Oh, and they say it could be the awesome and most incredible combination of sex and the good doobage that accounts for the aforementioned state of my well-being.

More peace and hugs to you Babygirl!

Bathroom Hippo said...


Sign me up on the Lee Ann list.

haha

Jason said...

I tried telling my wife this, but she doesn't believe me.

Jason said...

I just had another idea! Open up more bunny ranches and call them gyms.

Anonymous said...

I'm all for it.

~Jef

twolf1920 said...

haha...Jason...I KNOW you mean the "Moonlite Bunny Ranch"-es?

Hill Billy Rave said...

A long time ago a palm reader told me I was going to live to 95. Now, God can always change his mind. I absolutely believe all of this. Not 95, but what you were saying...I'm shooting for 95 though, might as well. Any how...This is darn near embarrassing...Good post...

b o o said...

i hear u! and i've been told i'm cool as a cucumber in most stressful circumstances :-X

john said...

i believe that semen is really full of nutritious stuff . my former gfs will attest to that . all of them gained ataken orally or otherwise.
of course eventually , my wife gained the most after becoming pregnant !

BeckEye said...

You had me at "mounting" evidence. Huh huhuhuhuhuhuh.

Spoke said...

Well, I've been neutered, but we still have TONS of sex. I know one thing for certain...I'm a whiney, cranky husband after 3 days without, fortunately, so's my Pj!!
Sometimes alls it takes is a "qucik fix" sometimes, it's "deep therapy". But it ALWAYS helps!!!

Anonymous said...

So I've been in therapy all these years! Thx for the heads up Lee Ann. ;o)

Gyrobo said...

You should be given the Nobel Prize!

rob said...

Thanks for the excuse, though I didn't really need one.

OB Juan said...

you had me at "Sex!!! "....

...you had me in cold sweats at "mounting.."

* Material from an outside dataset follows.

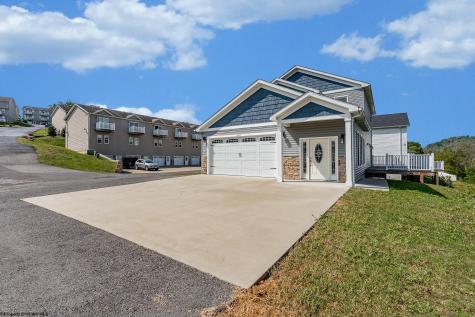 407 Kings Point Lane Morgantown WV 26508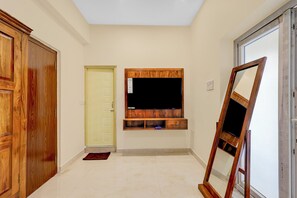 Interior - Fabhotel Sejour Royal (Chennai)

This will come in as good amunition the next time I hear that "I have a headache"...

..now the response will be "I know, I am just trying to provide you with some pain relief and relaxation to help you with that...."

Hotboy said...

No wonder I've been crabbit! Hotboy

Hotboy said...

No wonder I've been crabbit! Hotboy

Unknown said...

Obviously it was men conducting the study in #3...
Good info and I agree with it all.

Phats said...

You had me at Sex Lee Ann!

JLee said...

wow! I guess I better go have some...haha

Flower said...

Crikey I think I need to go and get myself some of that..What was it?...Sex...did you say??? Right..I am off out for a while...
;o)
xx

Spinning Girl said...

My health is a priority!

Hypersonic said...

Oh man! If hand shandies are in then I'm gonna be immortal!